WHAT TO PRODUCE -
Exactly as they stand, repeat the lines from the one containing "スピードスターなオイヌ様(雑種犬)ver.ババア" through the final line of the listing, both ends included, and nothing else; skip the pictures.

Start of SUPPLIED RECORDS

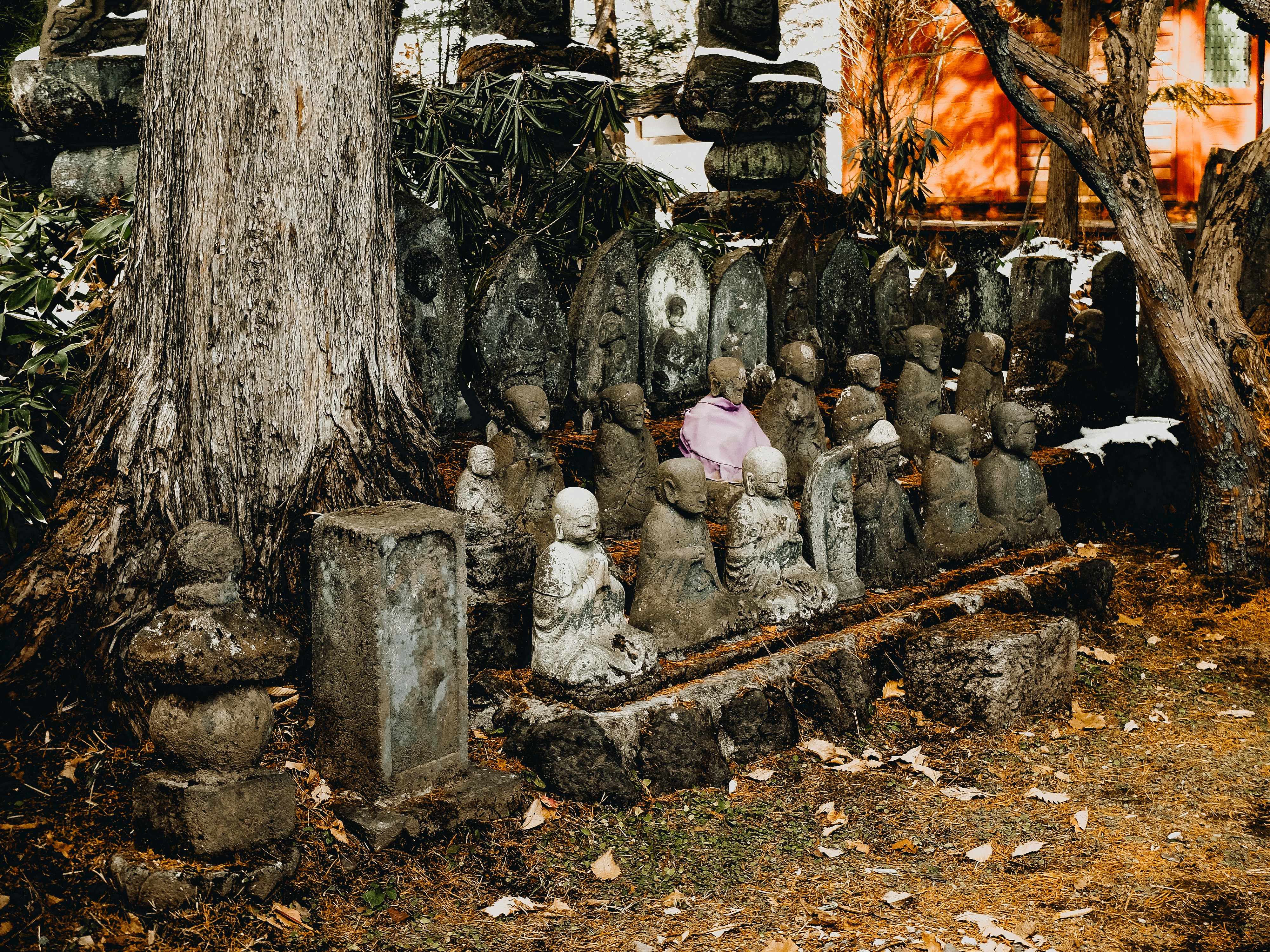 A group of buddha statues sitting next to a tree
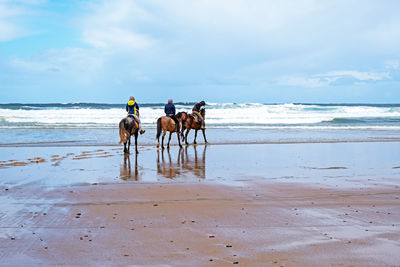 Horses riding horse on beach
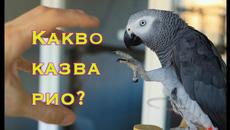 Папагала Рио говори-Какво бе, Какво правиш бе, Star Wars, Imperial March, Смях, Рио е абонат... - Videoclip.bg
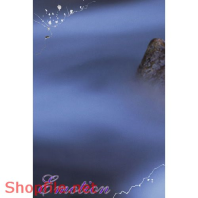 Frame weddinh beautiful Soraka PSD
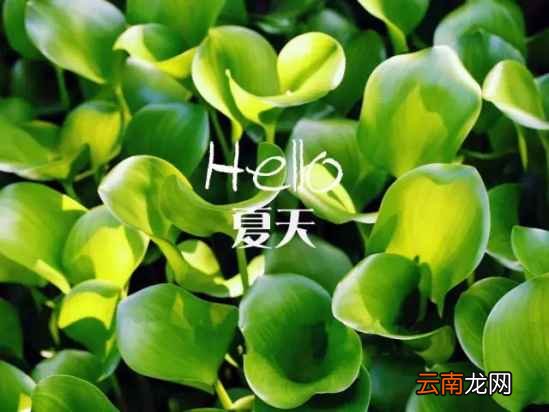 排寒湿的方法有哪些 寒湿重对身体危害很大
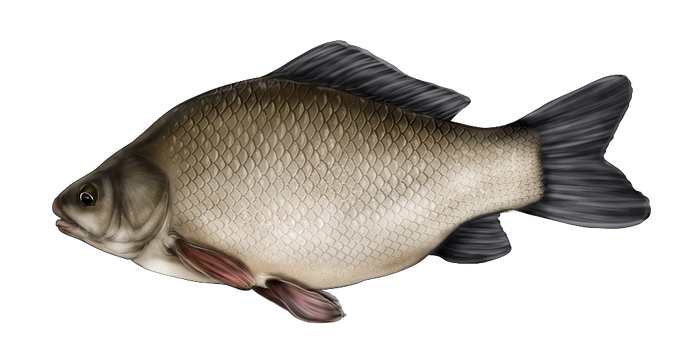 fish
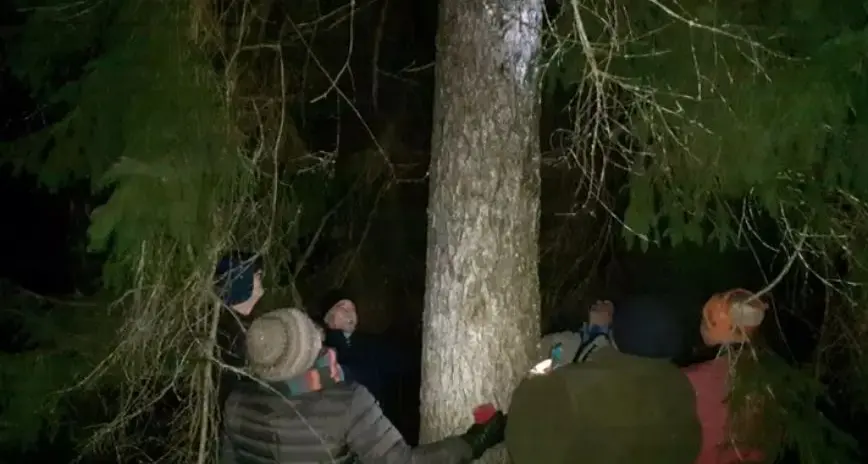 Fiaccolata a Ledro per “salvare” l'abete destinato al papa: «Francesco ci aiuti, si risparmi il Gigante Verde»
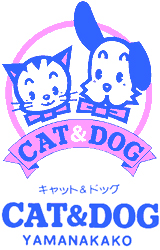CAT＆DOG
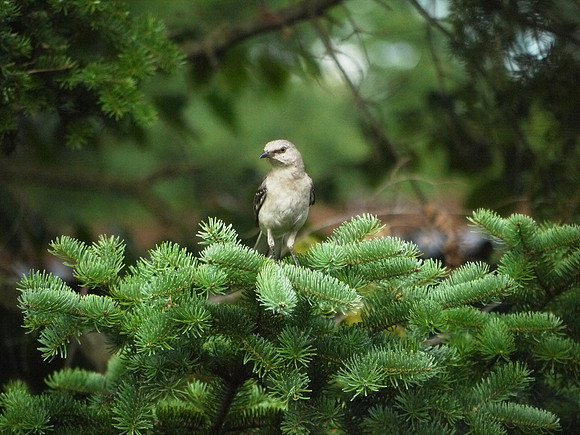 Mockingbird, Traveler Books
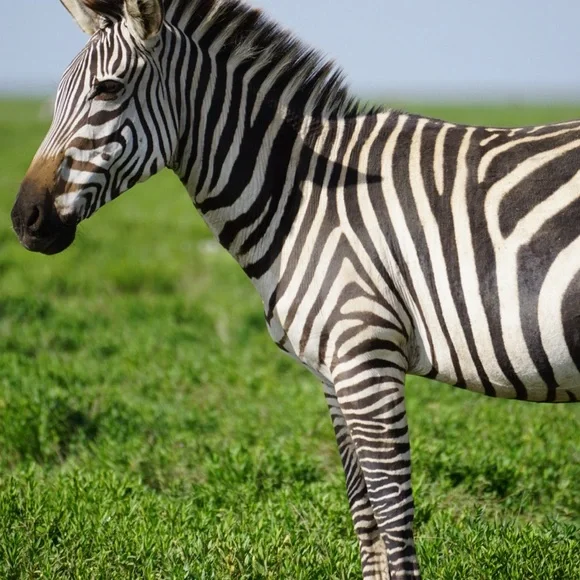 Sony Alpha a6000 Mirrorless Digital Camera Body with lens - Picture 6 of 6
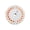 Orange, variant on High Floating Fly Fishing Line with Tapered Leader Forward Fly Line for Precise Casting In Streams and Lake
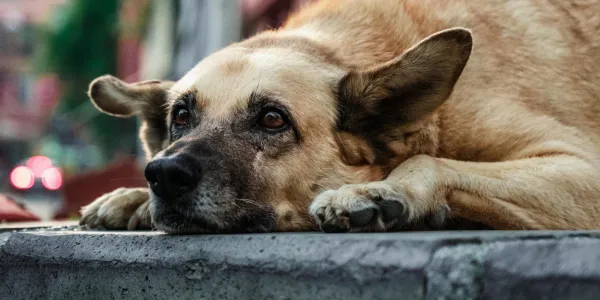 ドッグフードのサブスク徹底比較：愛犬にぴったりの選び方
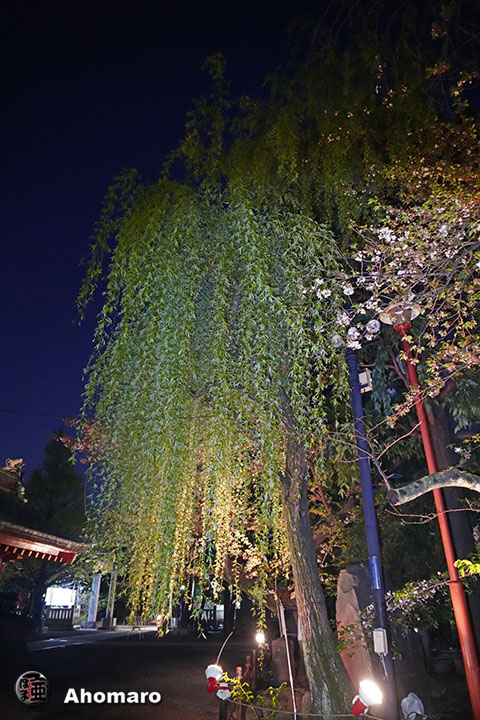 写真00
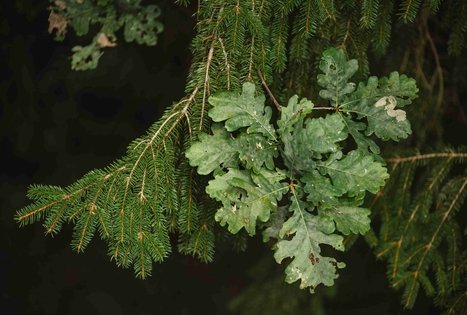 Miško Takas 57. Nemunaitis – Alytus.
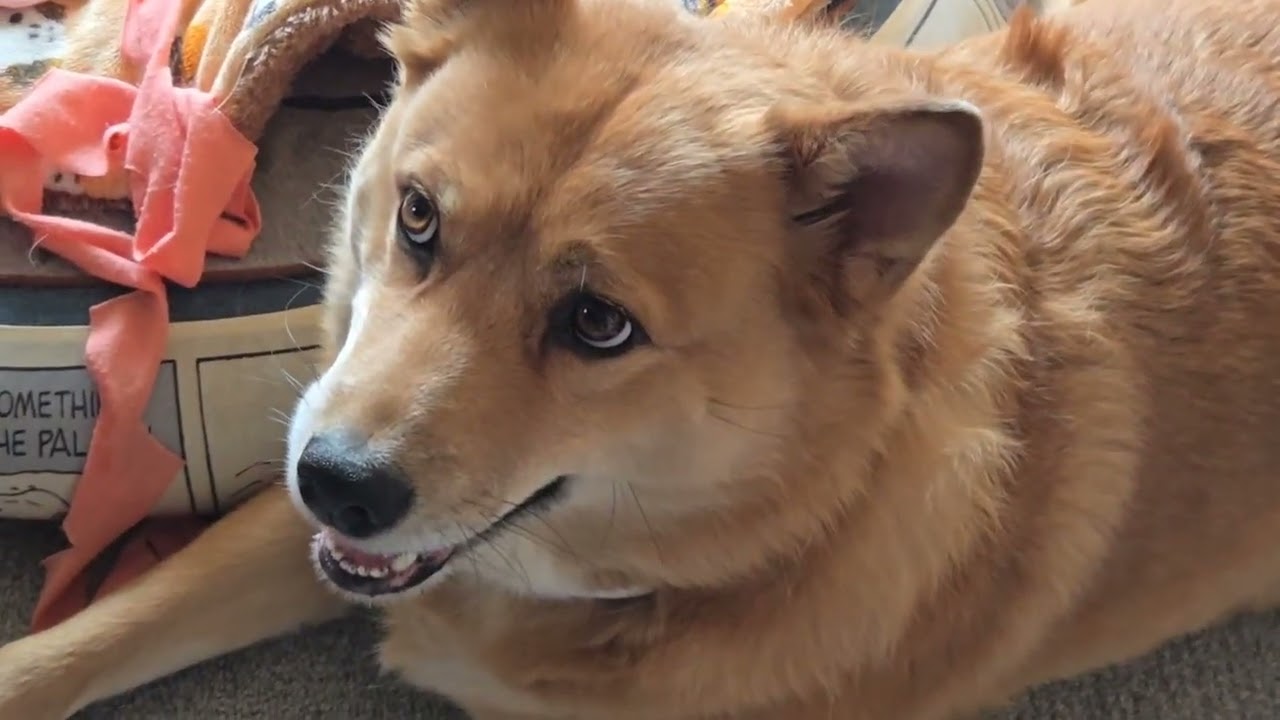 スピードスターなオイヌ様(雑種犬)ver.ババア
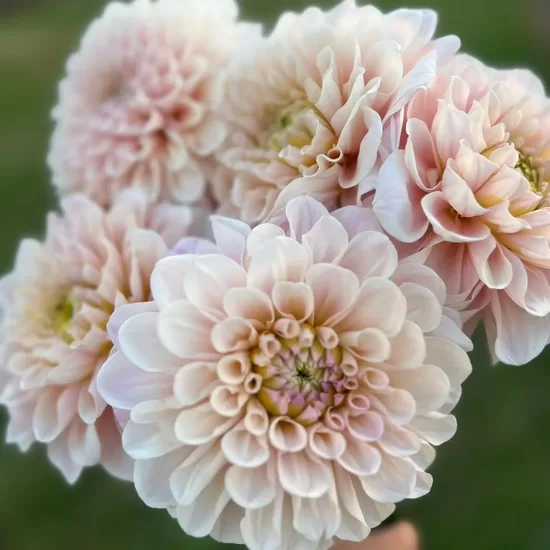 Dālija 'Sweet Nathalie', 1 gums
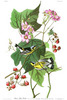 BLACK & YELLOW WARBLER  - Sylvia maculosa. John Audubon.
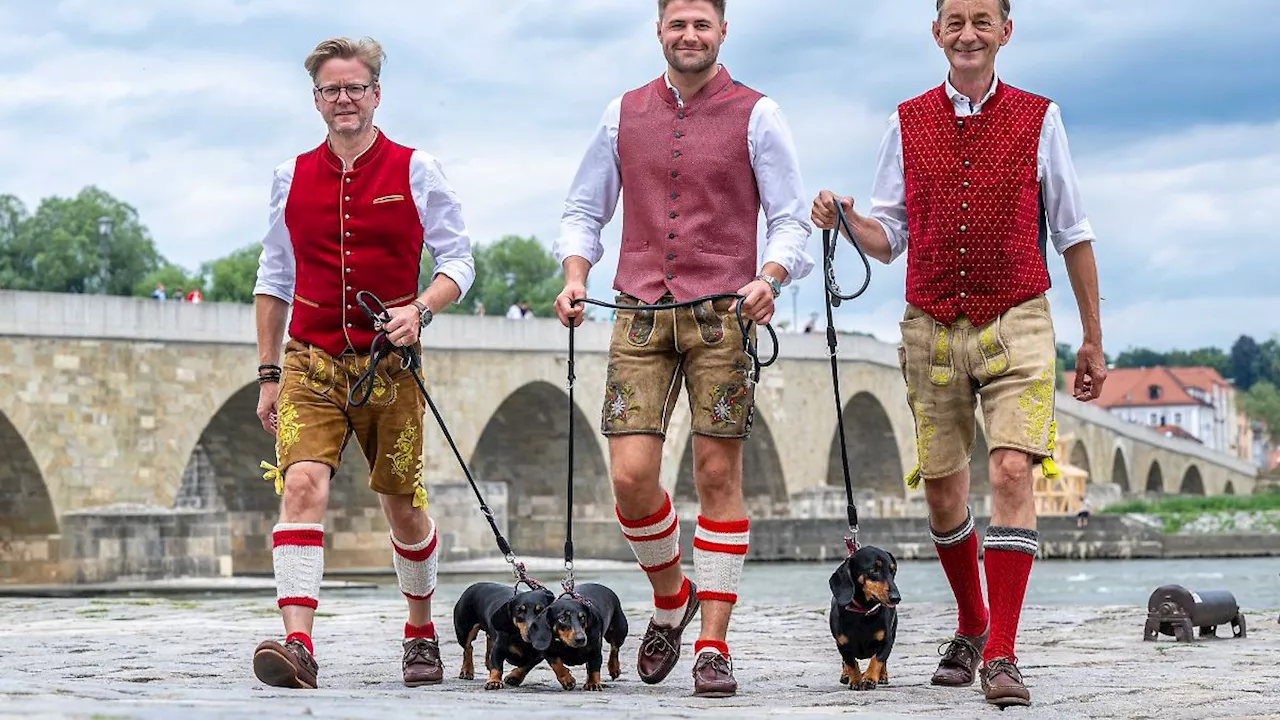 Bayern: Weltgrößte Dackelparade in Regensburg erwartet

End of SUPPLIED RECORDS

TASK RESPONSE -
 スピードスターなオイヌ様(雑種犬)ver.ババア
 Dālija 'Sweet Nathalie', 1 gums
 BLACK & YELLOW WARBLER  - Sylvia maculosa. John Audubon.
 Bayern: Weltgrößte Dackelparade in Regensburg erwartet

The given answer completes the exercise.